About this task
One exact copy of the listing, minus the images, is the required answer.

Data provided

━━━

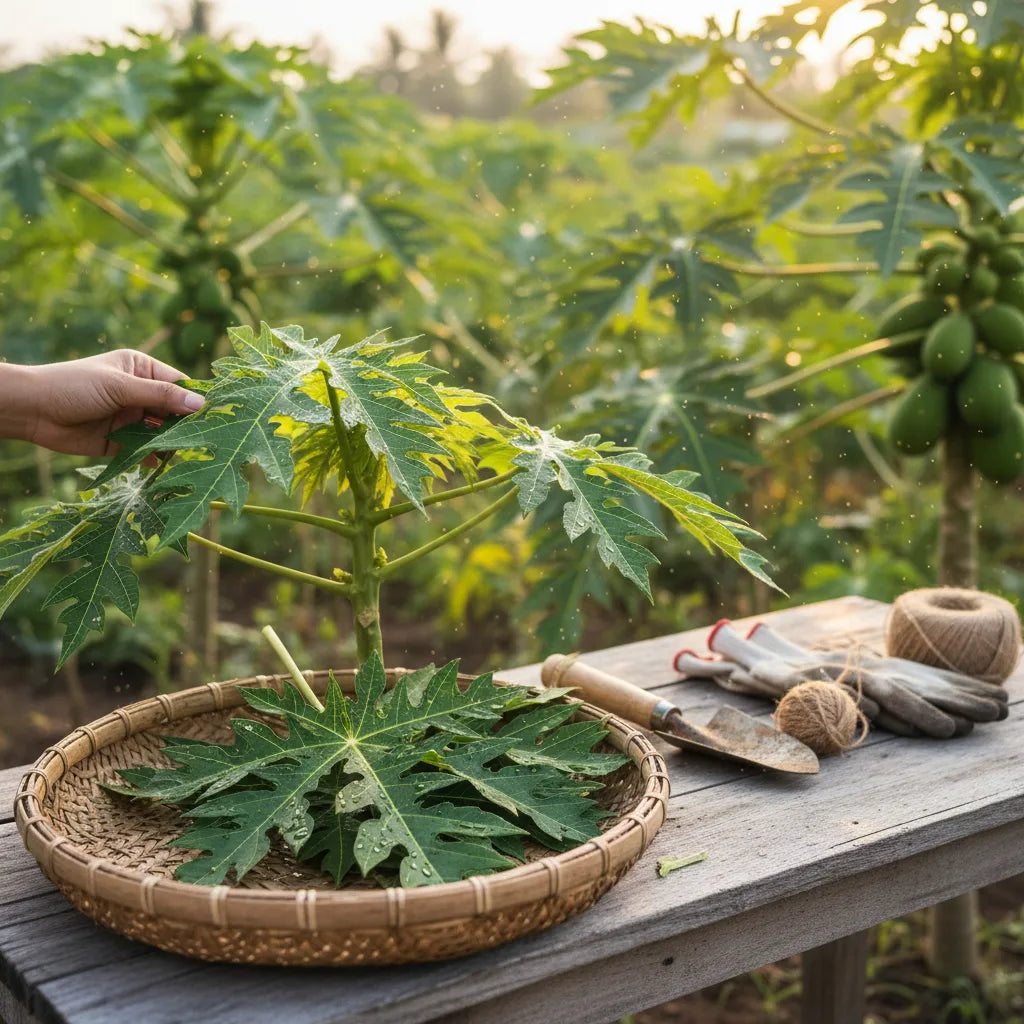 From garden to cup — how to use papaya leaves for tea: harvest, prep, brewing, and flavor pairings_featured_image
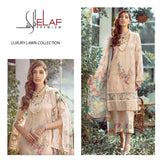 Chikankari embriodered lawn unstitched 3pc
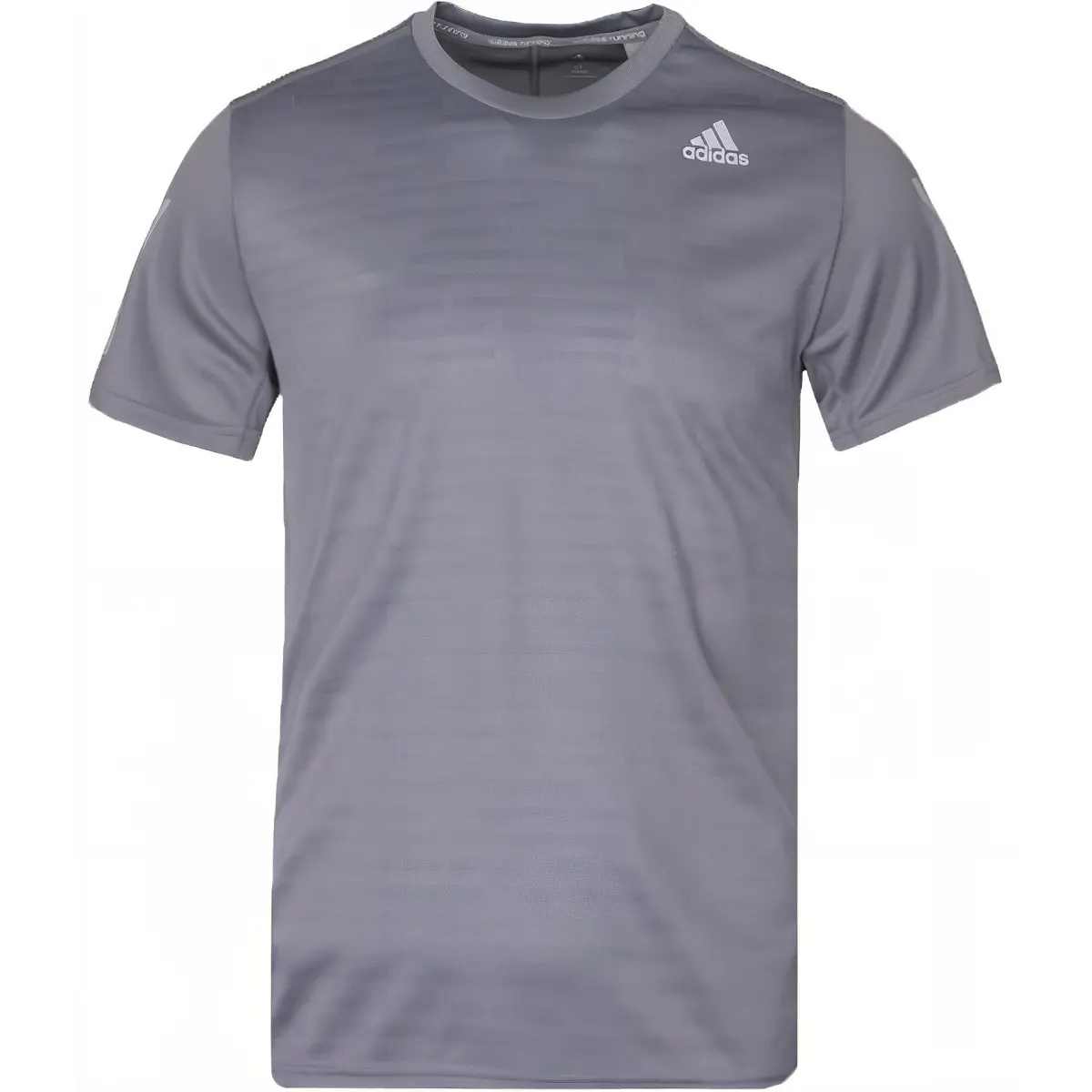 Adidas T-Shirts Men's Gray Crew Neck Moderate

━━━

Answer space
 From garden to cup — how to use papaya leaves for tea: harvest, prep, brewing, and flavor pairings_featured_image
 Chikankari embriodered lawn unstitched 3pc
 Adidas T-Shirts Men's Gray Crew Neck Moderate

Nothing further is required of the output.